Mercy – Sotto Accusa, recensione: la giustizia al tempo dell’intelligenza artificiale
CinemaAmbientato in una Los Angeles governata da tribunali automatizzati, Mercy è un thriller in tempo reale che mette sotto accusa l’idea stessa di giustizia. Chris Pratt interpreta un detective costretto a difendersi davanti a un giudice-IA, con soli novanta minuti per salvarsi la vita. Al suo fianco, una glaciale Rebecca Ferguson. Diretto da Timur Bekmambetov, il film usa il linguaggio degli schermi, dei dati per riflettere su colpa, responsabilità e libero arbitrio. Al cinema in Italia dal 22 gennaio
Il vero tradimento, in Mercy - Sotto accusa, non è un omicidio coniugale né un errore giudiziario. È la fede cieca in un sistema che promette giustizia senza responsabilità. Timur Bekmambetov costruisce un thriller che nasce da una colpa collettiva prima ancora che individuale: aver creduto che l’efficienza potesse sostituire il dubbio, che la velocità fosse una forma di equità, che l’assenza di emozioni garantisse imparzialità.
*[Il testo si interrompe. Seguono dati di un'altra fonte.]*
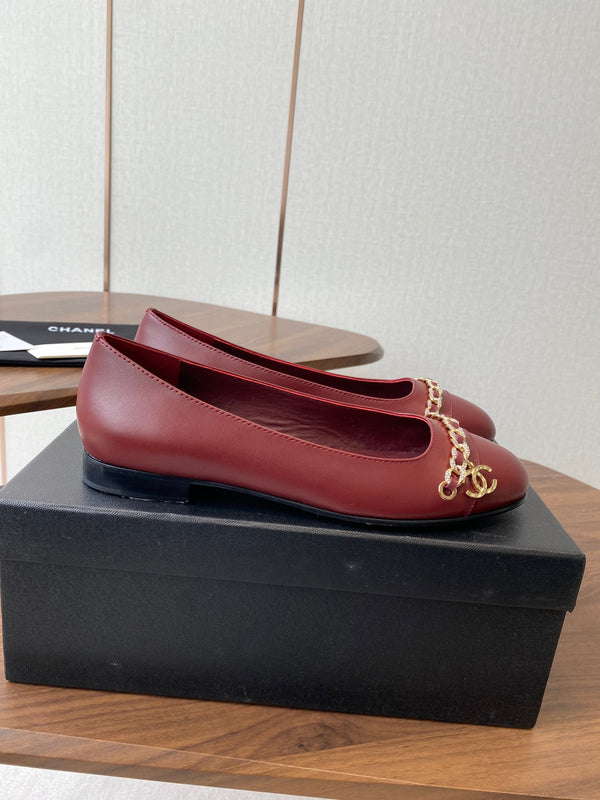 CC Ballerina Chain Flats Burgundy Lambskin GHW 431486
Da qui prende forma un processo che non cerca la verità, ma la conferma di ciò che è già stato deciso. Dati, tracciati digitali, frammenti di vita archiviati nel cloud diventano prove definitive, più affidabili delle persone che li hanno prodotti. Il processo non è più un confronto, ma una verifica di coerenza. E quando l’algoritmo trova una contraddizione, non la interpreta: la elimina. Niente giurie popolari, niente giudici umani, niente appelli. Colpevole o innocente, entro novanta minuti. Se il tempo scade, la sentenza diventa esecuzione.
Lo spettatore non assiste al processo: lo subisce. Il countdown non è solo narrativo, ma fisico, e trasforma ogni minuto in una pressione costante, quasi respiratoria
Il paradosso del creatore
Il paradosso è che quell’uomo, il detective Chris Raven, è stato uno dei principali sostenitori del sistema. Ha creduto nell’algoritmo, nella sua efficienza, nella promessa di una giustizia finalmente “pulita”. Ora è lì, accusato dell’omicidio della moglie, costretto a difendersi davanti alla creatura che ha contribuito a creare.
Bekmambetov costruisce così un racconto che non è solo un thriller ad alta tensione, ma una vera e propria parabola sulla hybris contemporanea: l’illusione che la tecnologia possa sostituire la complessità morale dell’essere umano.
Chris Pratt, corpo sotto accusa
Per Chris Pratt, Mercy rappresenta uno scarto interessante rispetto all’immaginario più rassicurante che lo accompagna da anni. Qui non c’è l’eroe ironico, né il carisma spensierato: Raven è un uomo logorato, appesantito da un passato opaco, da un alcolismo funzionale, da una memoria che vacilla.
La scelta di tenerlo fisicamente bloccato per gran parte del film amplifica la dimensione interiore della performance: ogni tic, ogni esitazione, ogni scatto di rabbia diventa indizio, prova, possibile condanna. Pratt lavora per sottrazione, lasciando che il sospetto scivoli lentamente sul personaggio e, di riflesso, sullo spettatore.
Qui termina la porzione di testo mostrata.